[Start of Attachment]

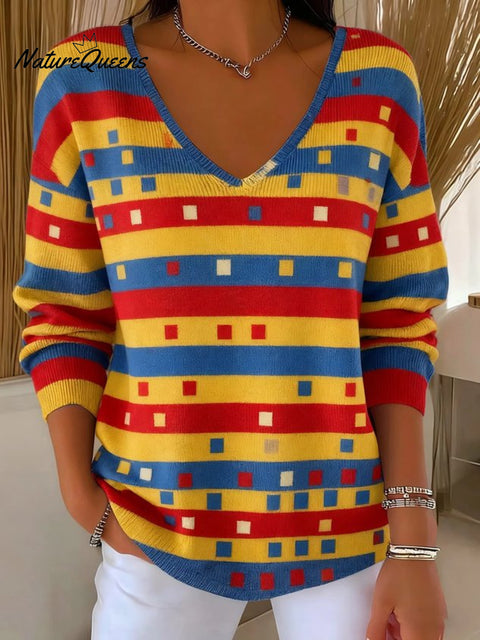 Casual V Neck Striped Loose Knit Top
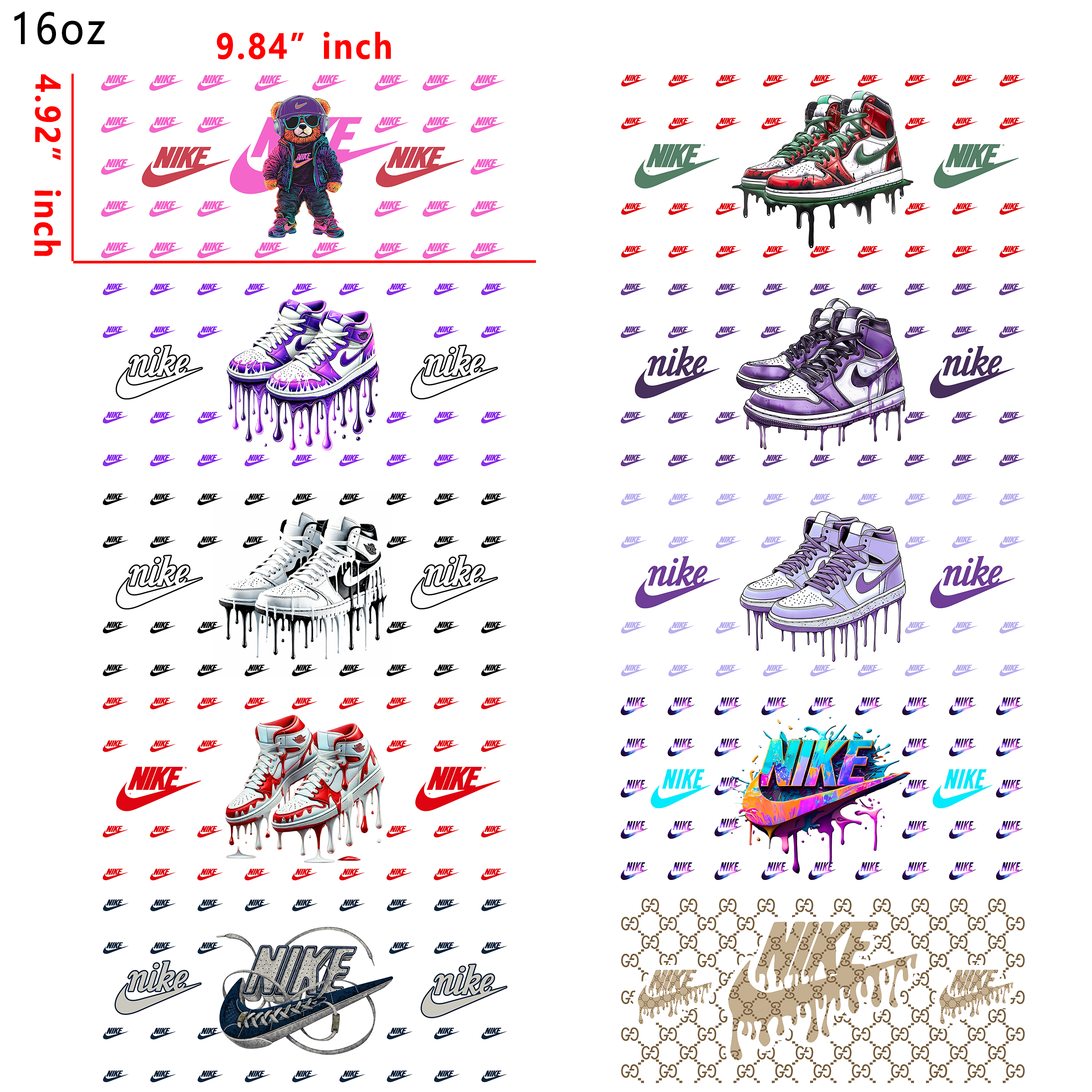 20 PCS Nike Sneaker Cup wraps 16OZ tumbler water proof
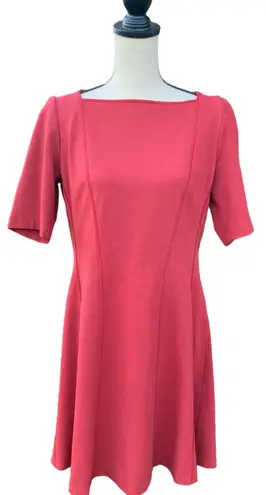 Lafayette 148 Brick Red Orange Ponte Knit Paneled Dress Short Sleeve Boat Neck L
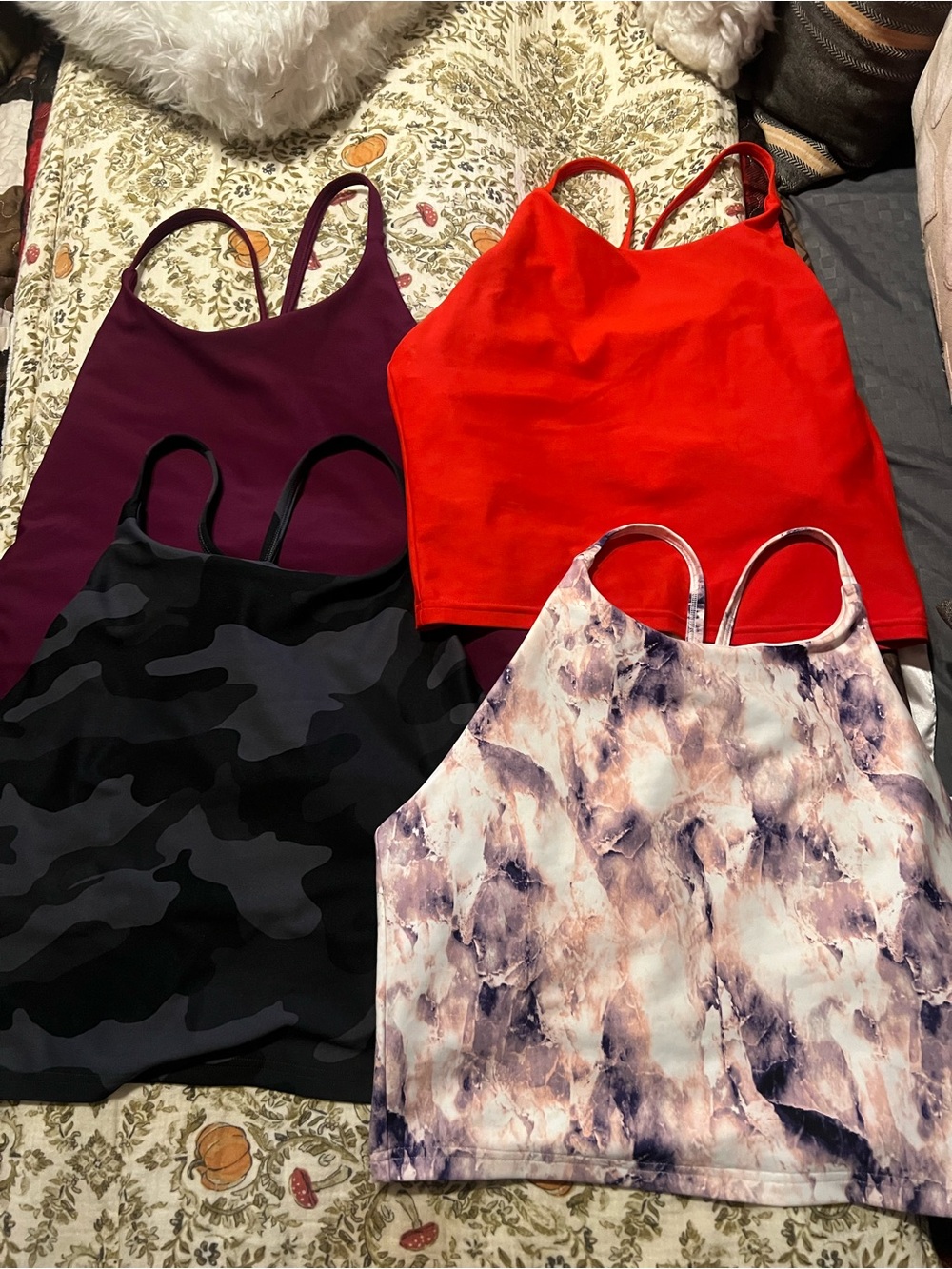 Old Navy Strappy Camisole Set - Red, Plum, Black Camo, Marble Print
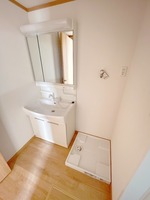 洗面室:シャワー付き洗面化粧台・洗濯機置き場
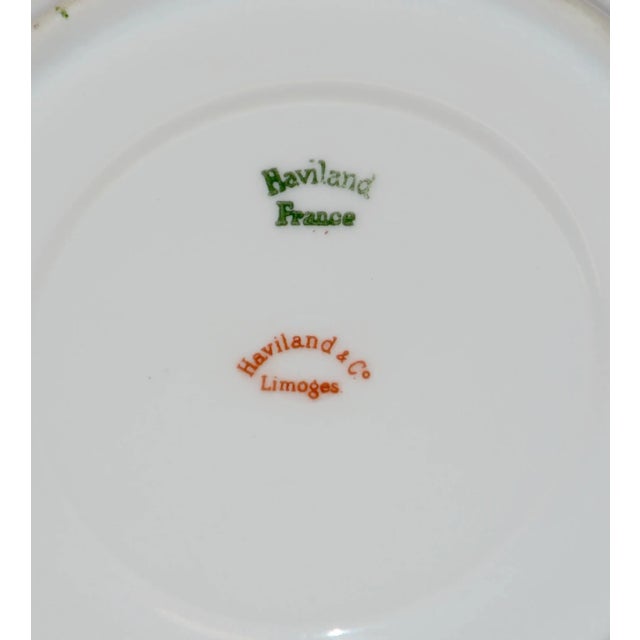 Pair of Haviland & Co. Limoges France Cream Soup Bowl and Saucer Apple Blossom For Sale In Nashville - Image 6 of 11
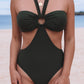 Halter O-ring Ruched Bust One Piece Swimsuit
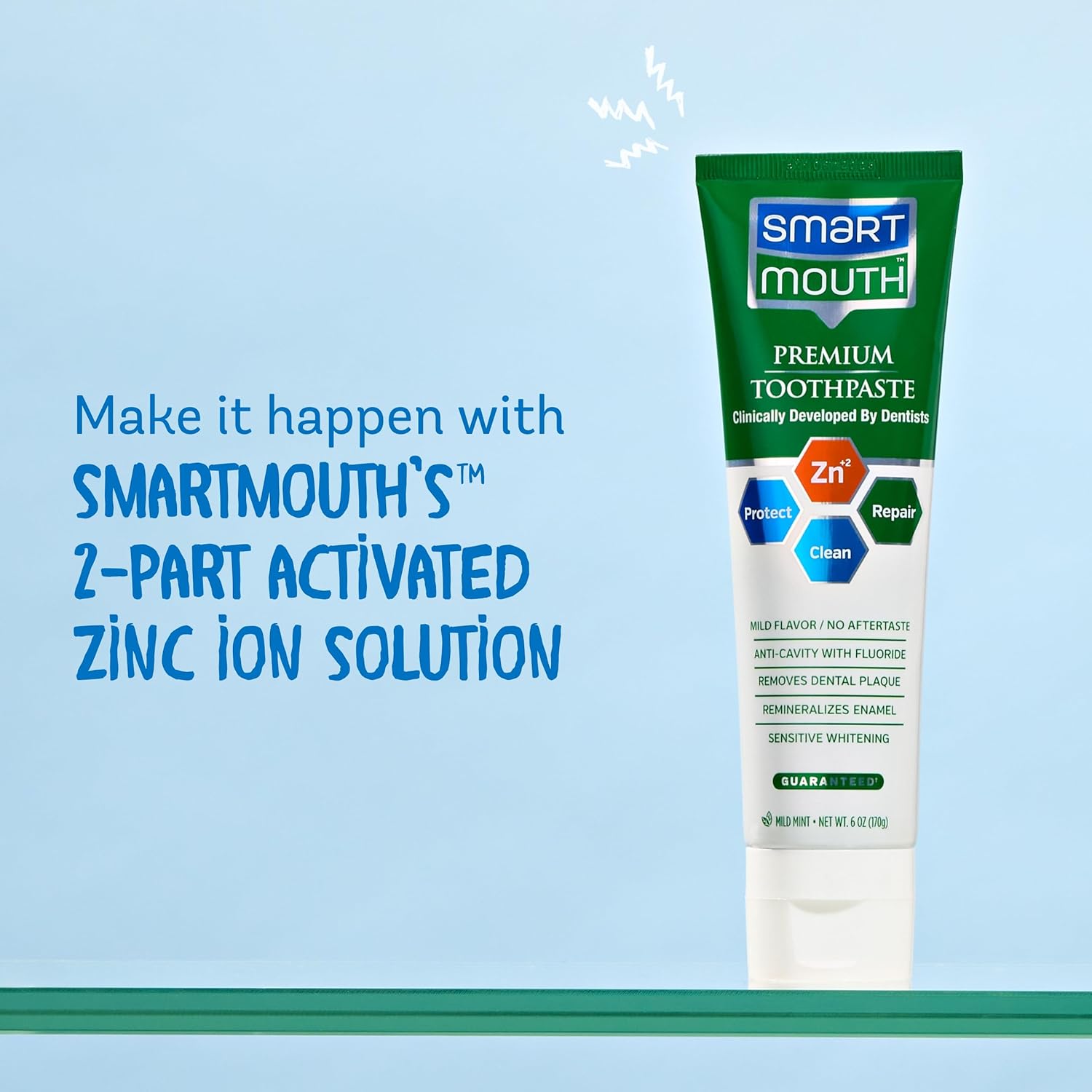 SmartMouth Toothpaste, Refreshing Mint, 6-Ounce Tube (Pack of 3) : Health & Household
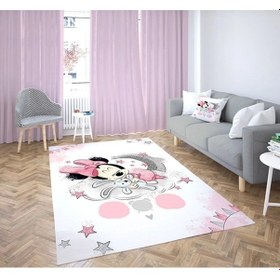 Resim Ayda Uyuyan Mini Kalın Taban Çocuk Oda Halısı Beyaz - Pembe 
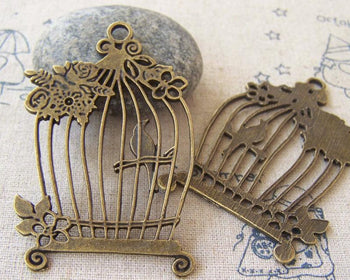 Accessories - 5 Pcs Of Antique Bronze Huge Flat Bird Cage Pendants Charms 38x58mm A5245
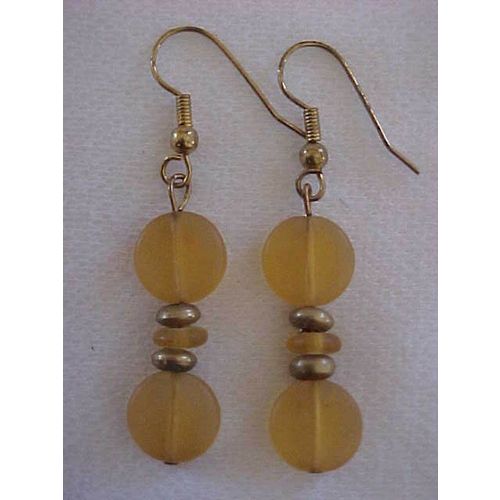 Amber Bead Earrings Glass Beaded Earrings Pierced 2"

[End of Attachment]

Requirement — Pictures excluded, give again exactly and only the lines of the material above from the line with "洗面室:シャワー付き洗面化粧台・洗濯機置き場" through the line with "Accessories - 5".

Exercise response —
 洗面室:シャワー付き洗面化粧台・洗濯機置き場
 Pair of Haviland & Co. Limoges France Cream Soup Bowl and Saucer Apple Blossom For Sale In Nashville - Image 6 of 11
 Halter O-ring Ruched Bust One Piece Swimsuit
 SmartMouth Toothpaste, Refreshing Mint, 6-Ounce Tube (Pack of 3) : Health & Household
 Resim Ayda Uyuyan Mini Kalın Taban Çocuk Oda Halısı Beyaz - Pembe 
 Accessories - 5 Pcs Of Antique Bronze Huge Flat Bird Cage Pendants Charms 38x58mm A5245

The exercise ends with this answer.